WORK ORDER: Every line below from the one with "Beautiful formal dress" through the one with "Sonnenschutz für Wohnmobil" is to be repeated exactly, with no picture among them.

SUPPLIED DATA:
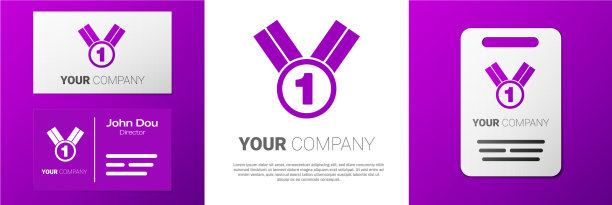 标志型奖章图标孤立在白色背景图片下载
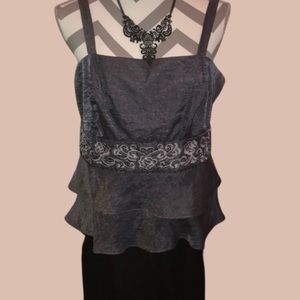 Beautiful formal dress top! Silvery black shimmer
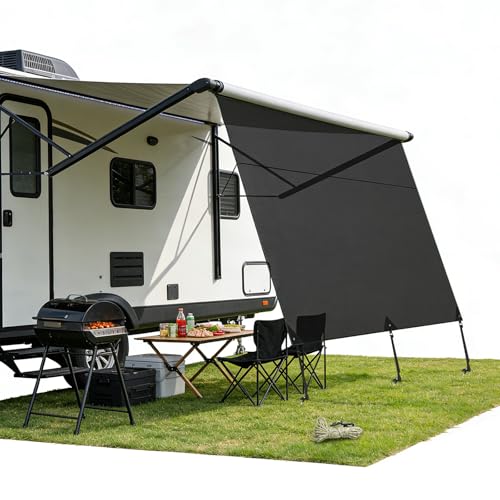 Sonnenschutz für Wohnmobil 2 x 3 3 m Winddurchlässige und Sonnenschutz Markisenvorderwand 3 Keder mit Ø 4 6 und 10 mm Doppellagiges Netzgewebe Sun Blocker Wohnmobil Vorderwand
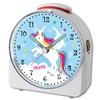 CreaDesign, WU-71-1034-01, Einhorn Blau, analog Kinderwecker weiß, Funkwecker mit Sweep-Uhrwerk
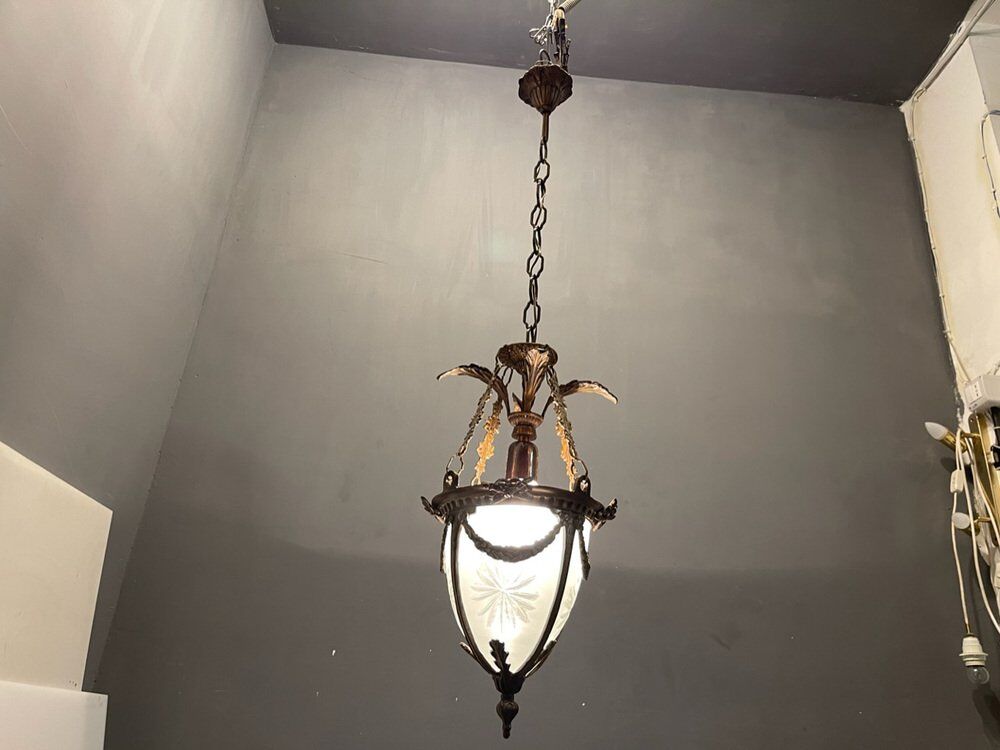 Bronze etched glass light pendants, 1970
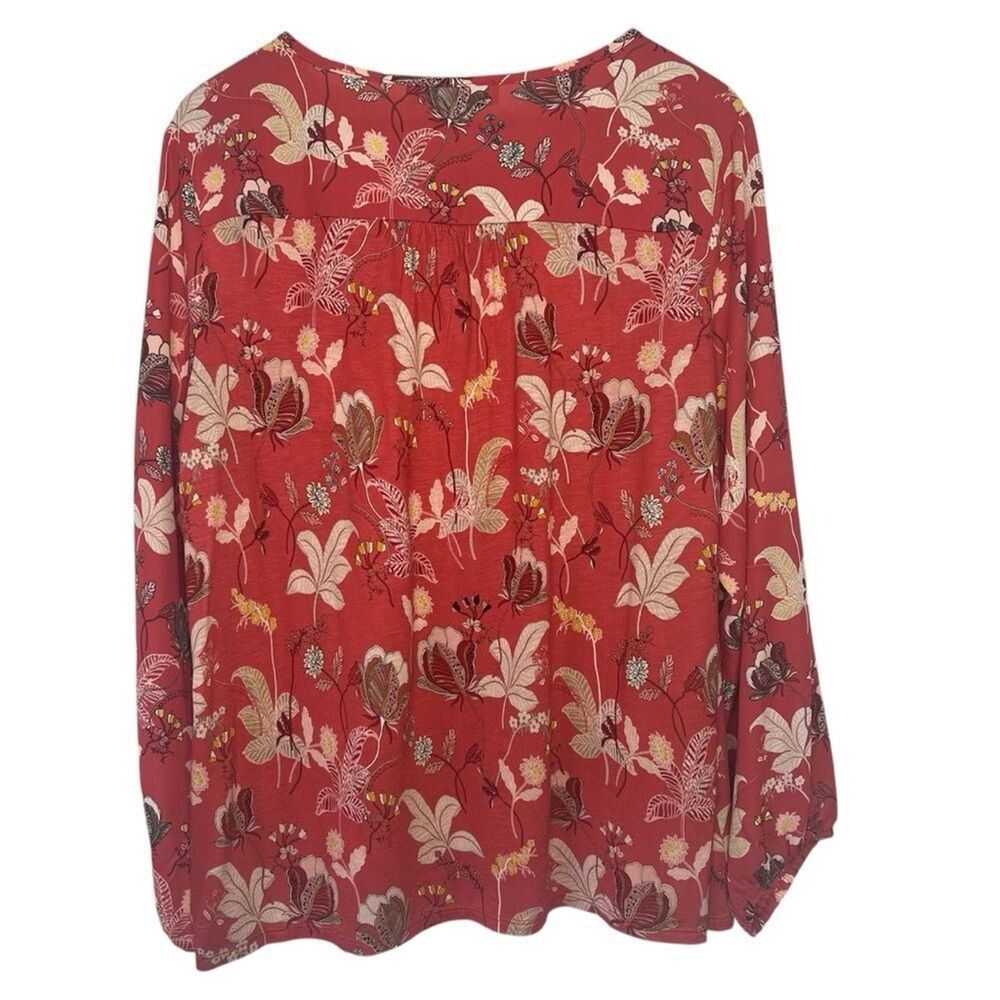 NWT LOFT Floral Ruffle Trim Blouse size Large Split Neck Tie Long Sleeve Top - Picture 5 of 6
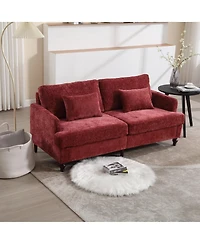 Simplie Fun Modern Chenille Fabric Loveseat, 2-Seat Upholstered Loveseat Sofa Modern Couch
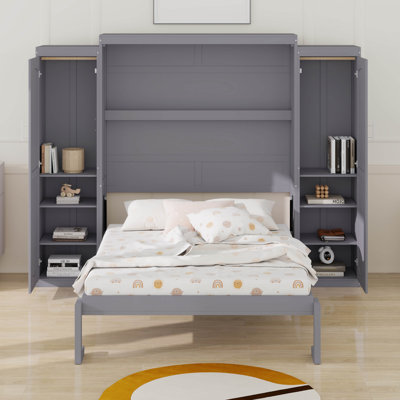 Space Saving Pull Out Hidden Bedframe With  Wardrobes And Storage Shelfs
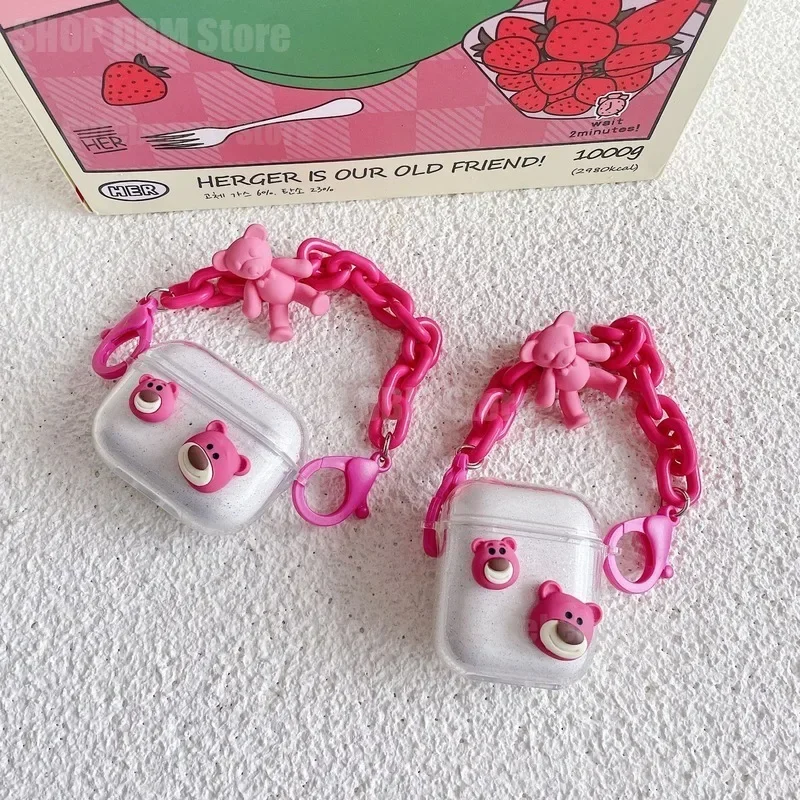 Disney Minnie Lotso Silicone Case for Apple AirPods 1 2 Pro 3 Case Soft Protective Cover Earphone Accessories Keychain Bracelet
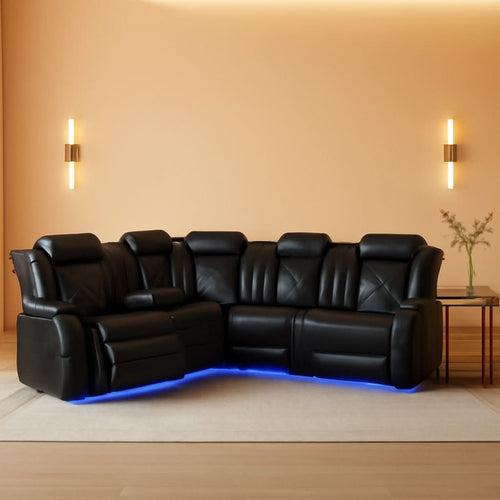 Black Leather Power Recliner Living Room Set With Cup Holders-0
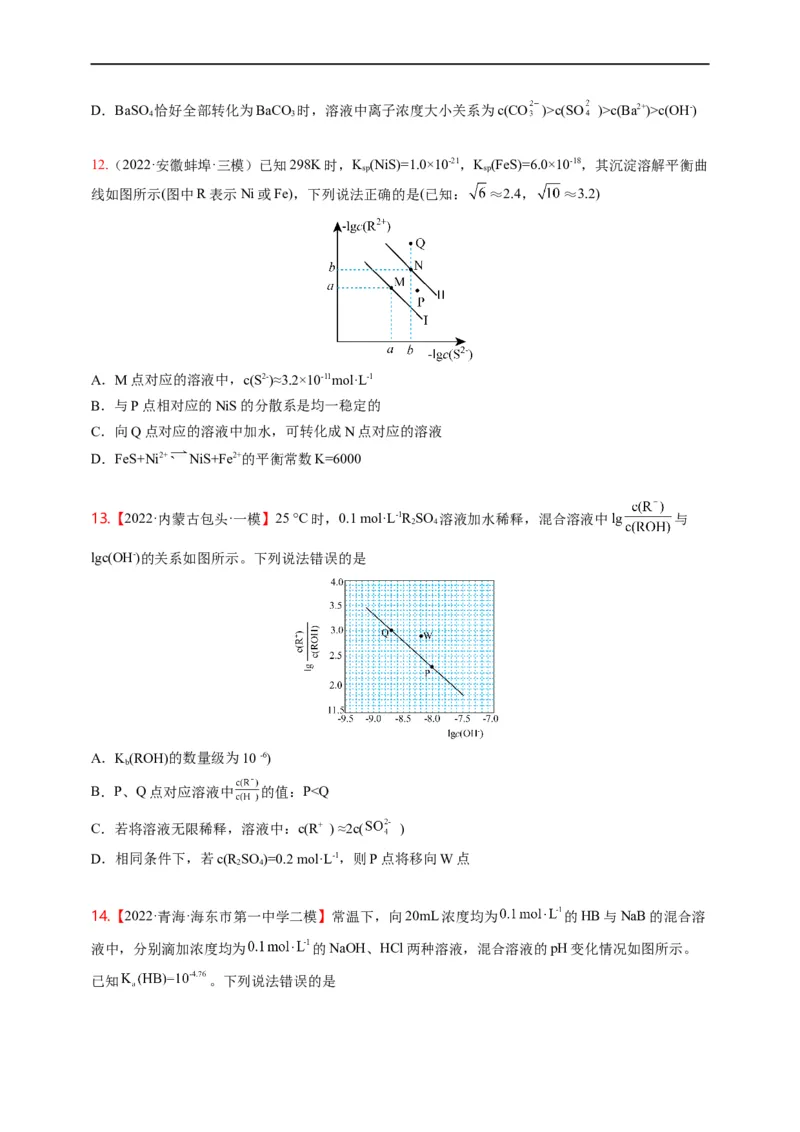 点击09『动静两相依』水溶液中的离子反应与平衡--2023年高考化学热点&middot;重点&middot;难点（全国通用）（测试版）_05高考化学_通用版（老高考）复习资料_2023年复习资料_专项复习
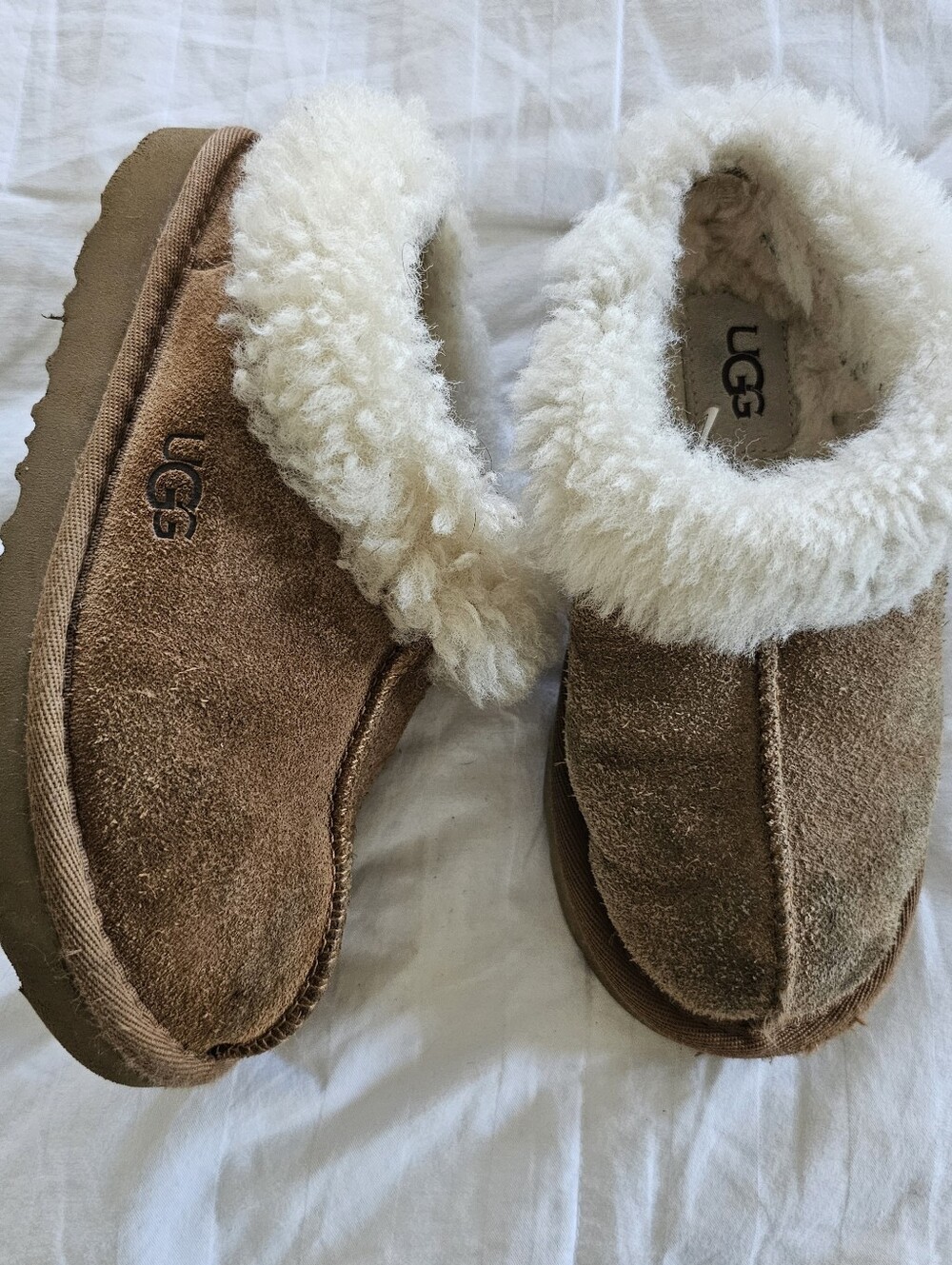 Ugg Slip-on Shearling Lined Suede Slipper Clogs, Size 12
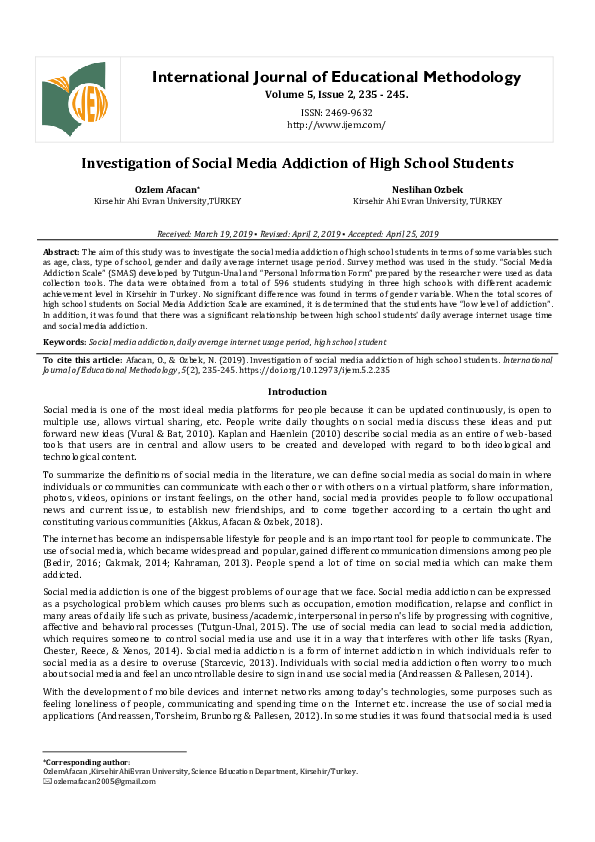 (PDF) Investigation of Social Media Addiction of High School Students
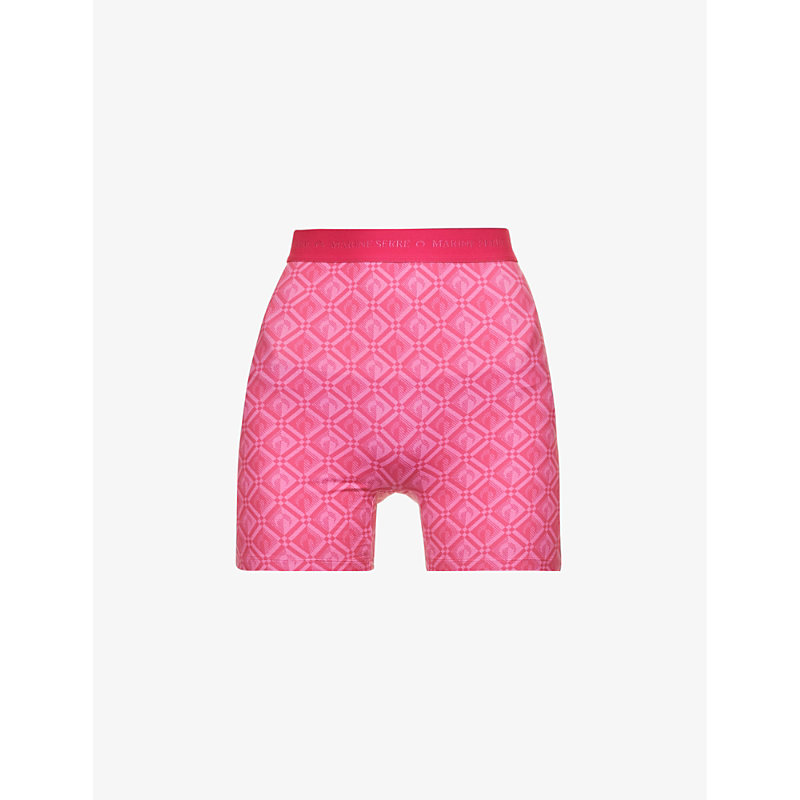 Marine Serre Womens Pink Moon-print Slim-fit Stretch-recycled Polyamide Shorts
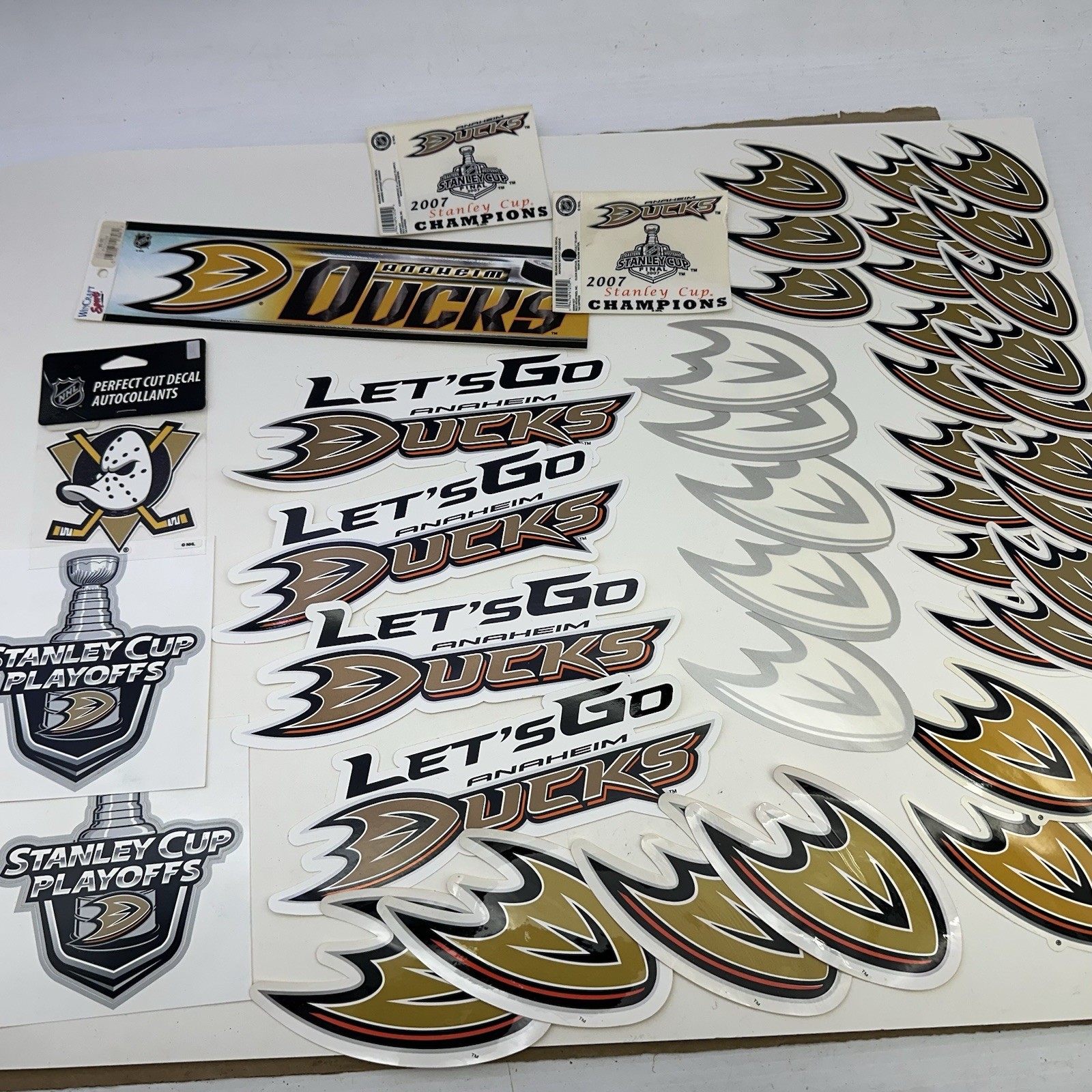 42pc Lot Anaheim Ducks – NHL Hockey Decals/ Stickers Large Lot 2007 Stanley Cup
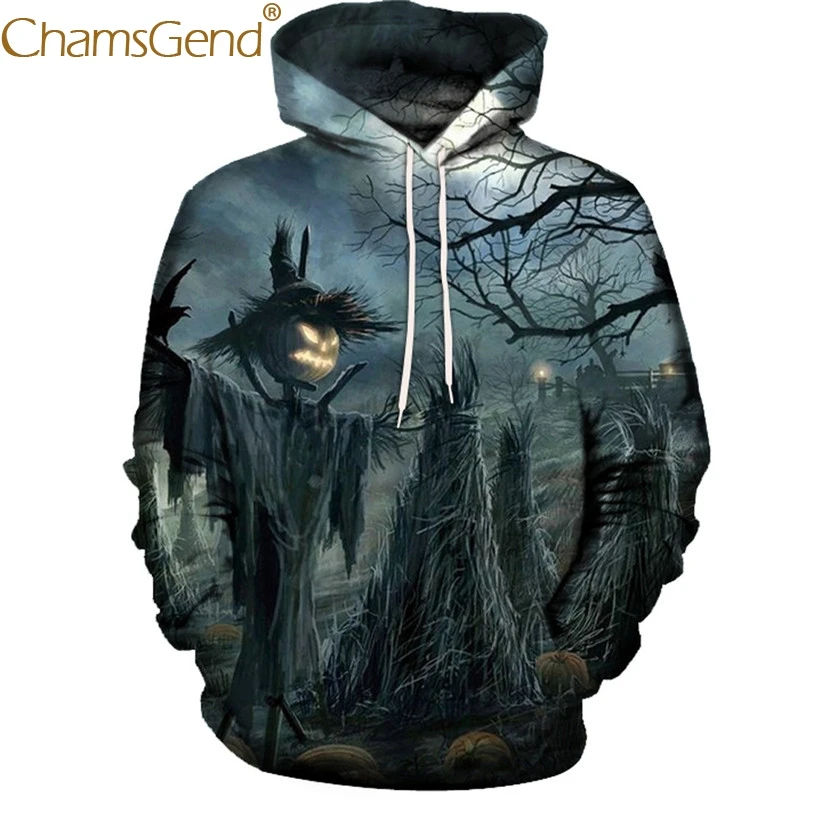 Free Shipping 3D Scary Halloween Hoodies Sweatshirts with Pocket Women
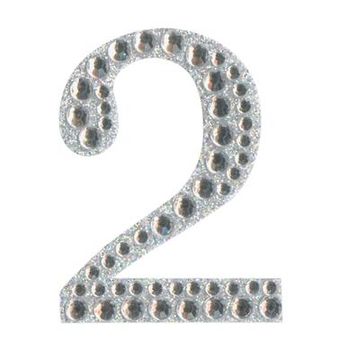 Eleganza Craft Stickers 50mm Number 2 with Diamante Iridescent No.42 - Craft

ANSWER FOR THIS EXERCISE:
 Beautiful formal dress top! Silvery black shimmer
 Sonnenschutz für Wohnmobil 2 x 3 3 m Winddurchlässige und Sonnenschutz Markisenvorderwand 3 Keder mit Ø 4 6 und 10 mm Doppellagiges Netzgewebe Sun Blocker Wohnmobil Vorderwand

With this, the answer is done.